The comparison of the FTIR spectra of the mixture of the neat cardanol-based epoxy resin (EC) and DBEDT and the same mixture subjected to a heat treatment at 150°C for 24 h (EC-DBEDT_T), shown in Fig. 2A, served to confirm the occurrence of the cross-linking reaction. The above curing temperature was chosen to promote the cross-linking but limit the thermal decomposition of the material. In both spectra, the presence of the boronic acid ester is evidenced by the stretching of the B-O and the B-O-B bonds at 1211 cm− 1 and 655 cm− 1, respectively, belonging to DBEDT [30]. In addition, the signals at 2925 cm− 1 and 2853 cm− 1 can be attributed to the asymmetric and symmetric stretching of -Csp3-H bonds, respectively. Apart from the bands mentioned above, which are present in both the neat and the treated mixture, some differences are visible. A first observation refers to the broadened band in the thermally treated mixture, in the range between about 3100 cm− 1 and 3700 cm− 1. This signal, associated with the stretching of hydroxyl groups, can be attributed to the formation of hydroxyl functionalities originating from the reaction between thiol groups and epoxides (Fig. 2B) [27–29, 31].
Moreover, it was found that the signal visible in the neat mixture at 910 cm− 1, which can be attributed to the epoxide groups [32], disappears in the treated EC-DBEDT (see insert of Fig. 2). The above finding is also indicative of the occurrence of the reaction between EC and DBEDT under the applied conditions, which is shown in Fig. 2B.
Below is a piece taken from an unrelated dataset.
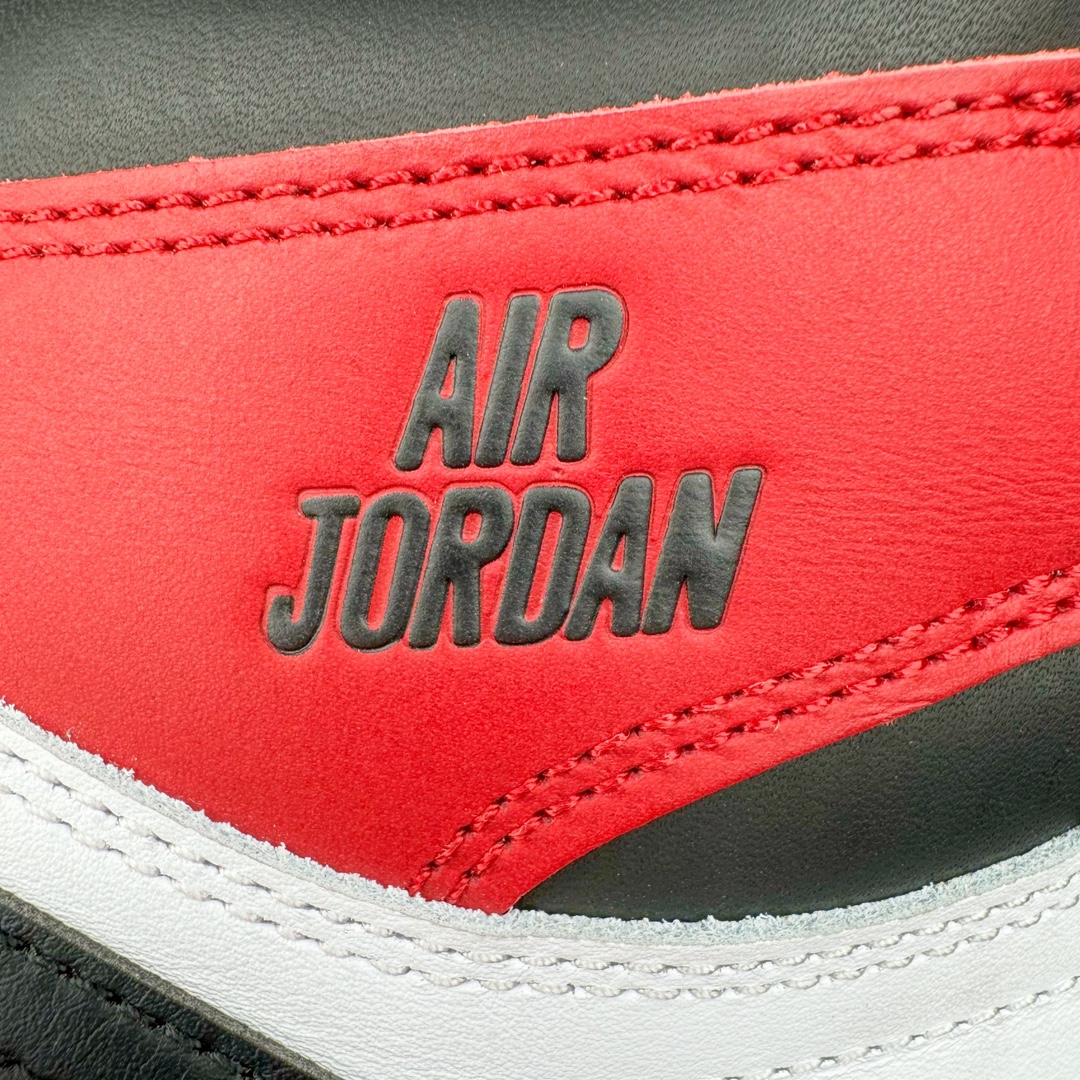 图片[20]-＃Ljr特供 Air Jordan AJ1 Retro High 新黑脚趾2024 DZ5485-106 全新改良批次 圈内最强倒钩系列 恪守真诚 承诺混一赔十 高端零售裸鞋圈特供批次 SZ原厂全套原楦原纸板冲刀磨具开发 原厂皮料加持 原厂港宝加持定型后跟R度完美 同源原厂电绣 飞翼针数密度立体效果一致 百分百一致原鞋 原厂拉帮工艺 针距密度一致 后跟弧度收口自然不对折 极致一眼正品既视感 进口玻璃冲刀皮料裁剪零毛边 全鞋电脑针车工艺 品控清洁度最高QC检验标准 免检产品 原厂订购鞋盒、鞋标、防尘纸、鞋撑、鞋带 追求极致的原厂味道 尺码：40.5 41 42 42.5 43 44 44.5 45 46 47.5 48.5-选品中心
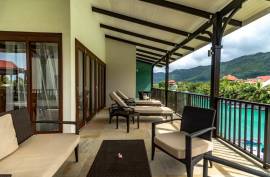 Luxury 3 Bed Penthouse for sale on Eden Island –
To support the formation of a three-dimensional network, a gel fraction test was performed in anhydrous toluene after checking the solubility of the starting reagents in this solvent. Figure 2C shows the photos of the starting sample and of the material after 24 h in contact with the solvent. It is worth mentioning that this test allowed the evaluation of gel content (GF) and swelling ratio (SR), which were 99% and 188%, respectively. These findings, together with the results of FT-IR characterization, prove the effective cross-linking of the material, owing to the reaction between EC and DBEDT (Fig. 2B). It is worth underling that variable GF were previosuly reported for epoxy-based vitrimers. For example, vitrimers prepared from sebacic acid and diglycidyl ether of bisphenol A, with zinc acetylacetone as catalyst for the exchange
reaction, reached a GF of about 80% at a temperature and time comparable with those used for the preparation of our material, i.e., 160°C and 24 h [33]. In the case of epoxidized soybean oil derived vitrimers, prepared using 4,4′-dithiodiphenylamine as a curing agent and a curing time of 20 h and 160°C of curing temperature, a GF of only 54% was obtained [34]. In this case, the gel fraction could only be increased by increasing the temperature and curing time. Nevertheless, at 180°C and applying a curing time of about 28 h, a maximum value of about 80% was achieved. Comparing these results with the GF value obtained in our work, it can be concluded that the crosslinking system used is extremely effective and allows complete cross-linking without the need to further increase the temperature. This limits problems related to the stability of the material and to secondary reactions, and makes the preparation procedure more easily scalable. Moreover, it can be deduced from the photo of the swollen sample that the high degree of swelling is associated with the retention of the shape of the sample, which is a typical feature of vitrimer systems [4].
Table 1
Thermal properties of the EC and EC_DBEDT_T.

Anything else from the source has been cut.